Fluids with high specific heat values make good coolants, because they are able to remove much heat energy from hot objects without experiencing great increases in temperature themselves. Since thermal mass flowmeters work on the principle of convective cooling, this means a fluid having a high specific heat value will elicit a greater response from a thermal mass flowmeter than the exact same mass flow rate of a fluid having a lesser specific heat value (i.e. a fluid that is not as good of a coolant).
This means we must know the specific heat value of whatever fluid we plan to measure with a thermal mass flowmeter, and we must be assured its specific heat value will remain constant. For this reason, thermal mass flowmeters are not suitable for measuring the flow rates of fluid streams whose chemical composition is likely to change over time. This limitation is analogous to that of a pressure sensor used to hydrostatically measure the level of liquid in a vessel: in order for this level-measurement technique to be accurate, we must know the density of the liquid and also be assured that density will be constant over time.

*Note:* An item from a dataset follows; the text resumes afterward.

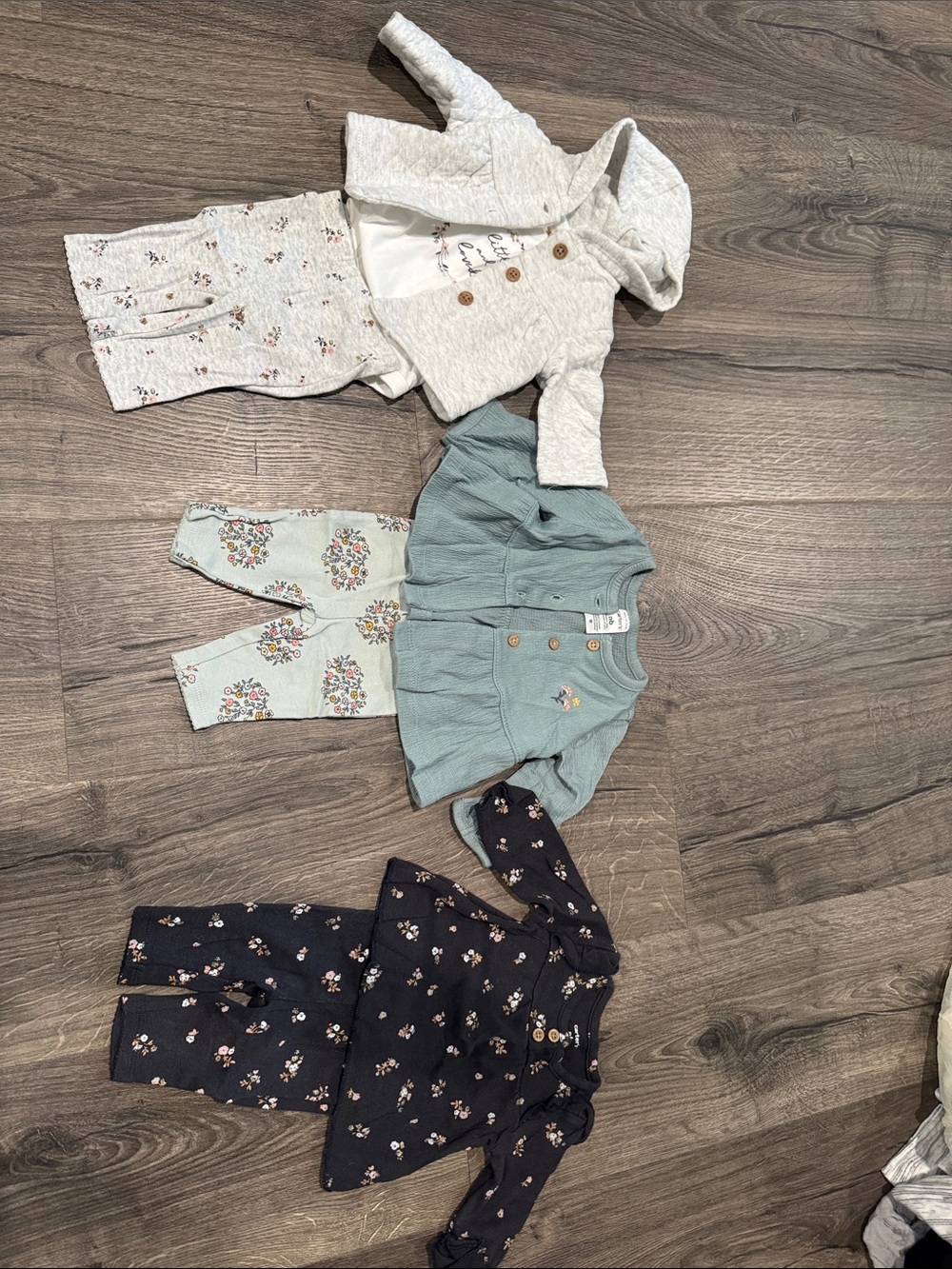 Carter's Three-Piece Girls' Mix & Match Set - Sage, Navy, Cream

Thermal mass flowmeters are simple and reliable instruments. While not as accurate or tolerant of piping disturbances as Coriolis mass flowmeters, they are far less expensive.
Perhaps the greatest disadvantage of thermal mass flowmeters is their sensitivity to changes in the specific heat of the process fluid. This makes the calibration of any thermal mass flowmeter specific for one composition of fluid only. In some applications such as automotive engine intake air flow, where the fluid composition is constant, this limitation is not a factor. In many industrial applications, however, this limitation is severe enough to prohibit the use of thermal mass flowmeters. Industrial applications for thermal mass flowmeters include natural gas flow measurement (non-custody transfer), and the measurement of purified gas flows (oxygen, hydrogen, nitrogen) where the composition is known to be very stable.
Another (potential) limitation of thermal mass flowmeters is the sensitivity of some designs to changes in flow regime. Since the measurement principle is based on heat transfer by fluid convection, any factor influencing the convective heat-transfer efficiency will translate into a perceived difference in mass flow rate. It is a well-known fact in fluid mechanics that turbulent flows are more efficient at convecting heat than laminar flows, because the “stratified” nature of a laminar flowstream impedes heat transfer across the fluid width.
In some thermal flowmeter designs, the walls of a heated metal tube serve as the “hot” element cooled by the fluid, and the difference between the rate of heat transferred by a laminar flowstream from the walls of a heated tube versus a turbulent flowstream can be great. Therefore, a change in flow regime (from turbulent to laminar, and vice-versa) will cause a calibration shift for this design of thermal mass flowmeter.